Another issue which I found inexcusable was the player's lack of an Auto-Squeeze aspect mode. Even cheap players have this. When playing a 4:3 DVD on a 16:9 TV, the player will automatically change the output aspect ratio so as not to stretch 4:3 content. This player will stretch whether you want it to or not! You can change the aspect on your display if you want but not all TVs support a 4:3 mode over HDMI. It's also very inconvenient when you're watching mixed content like DVD featurettes which change aspect ratios midstream.

After verifying the test patterns again with my Denon player (they were fine and dandy), I decided to return the player to Crutchfield. They are an excellent company to deal with. Their 30-day return policy includes return shipping on their dime so I wasn't out a cent.

Other Things I've Learned
There's a great FAQ on this player compiled by a poster on AVS. Click here to check it out. I'll give you a few of the more important points. DTS HD Master Audio is not yet supported. Dolby TrueHD is only output over 2 channels. Final Profile 1.1 is not supported in firmware. These issued are supposed to be addressed with the first firmware update coming in the next few weeks. There have been reports of various Blu-ray titles not working properly with this player. It is interesting to me (and others) that only Crutchfield, Circuit City and Best Buy seem to have this player for sale. Amazon is telling pre-order customers February 15. Could this be some sort of soft launch or public beta? Who can say?

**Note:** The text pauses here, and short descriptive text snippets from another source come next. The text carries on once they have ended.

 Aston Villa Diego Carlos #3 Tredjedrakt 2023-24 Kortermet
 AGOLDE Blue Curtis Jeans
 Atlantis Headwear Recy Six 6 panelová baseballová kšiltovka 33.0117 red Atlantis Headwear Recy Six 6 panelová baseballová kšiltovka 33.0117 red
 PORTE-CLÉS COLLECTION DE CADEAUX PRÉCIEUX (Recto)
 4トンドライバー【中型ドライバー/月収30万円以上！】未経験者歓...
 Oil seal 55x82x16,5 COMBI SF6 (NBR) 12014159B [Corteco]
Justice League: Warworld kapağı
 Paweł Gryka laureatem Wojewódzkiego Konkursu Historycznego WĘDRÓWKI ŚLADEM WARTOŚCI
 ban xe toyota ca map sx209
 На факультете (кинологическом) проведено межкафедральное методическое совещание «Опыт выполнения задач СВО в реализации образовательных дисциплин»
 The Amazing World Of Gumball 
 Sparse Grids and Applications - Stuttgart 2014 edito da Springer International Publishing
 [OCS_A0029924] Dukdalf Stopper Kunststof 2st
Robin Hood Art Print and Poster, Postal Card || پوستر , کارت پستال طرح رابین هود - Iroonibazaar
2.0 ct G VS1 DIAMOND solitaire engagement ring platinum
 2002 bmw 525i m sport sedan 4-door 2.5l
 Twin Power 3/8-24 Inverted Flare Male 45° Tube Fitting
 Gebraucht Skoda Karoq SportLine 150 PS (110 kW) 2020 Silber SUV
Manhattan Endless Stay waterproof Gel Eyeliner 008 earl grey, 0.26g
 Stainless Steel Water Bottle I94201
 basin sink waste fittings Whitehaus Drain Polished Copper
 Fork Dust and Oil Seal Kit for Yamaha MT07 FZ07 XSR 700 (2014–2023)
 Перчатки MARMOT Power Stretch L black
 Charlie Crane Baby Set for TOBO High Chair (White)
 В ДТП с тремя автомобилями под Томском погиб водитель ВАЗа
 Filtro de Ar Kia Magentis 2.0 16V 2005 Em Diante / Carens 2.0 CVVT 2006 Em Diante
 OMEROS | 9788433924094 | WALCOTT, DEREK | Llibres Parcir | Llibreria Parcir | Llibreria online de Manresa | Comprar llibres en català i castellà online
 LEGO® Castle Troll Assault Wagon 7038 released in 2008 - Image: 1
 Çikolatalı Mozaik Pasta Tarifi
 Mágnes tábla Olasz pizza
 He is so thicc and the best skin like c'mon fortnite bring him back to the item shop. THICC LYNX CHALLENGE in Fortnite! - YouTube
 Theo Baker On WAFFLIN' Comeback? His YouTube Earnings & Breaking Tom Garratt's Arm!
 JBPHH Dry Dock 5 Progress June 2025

Needless to say, I am disappointed in this player. I really wanted a one-box solution for all movie formats. I've spent the last 2 days re-thinking my new system and I've come to the realization that I'm going to have to live with 3 players going through a Lumagen video processor to achieve the imaging nirvana I'm seeking. The last straw was the discovery that the 5000 doesn't output 480i over HDMI. This is a must if I'm to use it as a transport for DVD. My new plan is to use an Oppo 970 and separate HD and Blu-ray players. I'm leaning toward the Panasonic BD-30 for Blu-ray and the Toshiba HD-A35 for HD. The cost of the Panny/Toshiba combo is about the same as the Samsung 5000 so no loss there. I have plenty of HDMI switching capability with my new Onkyo 805 receiver and the Lumagen HDP. For now, Samsung still has some work to do to make the BD-UP5000 ready for prime time.

Thanks for reading and enjoy the view!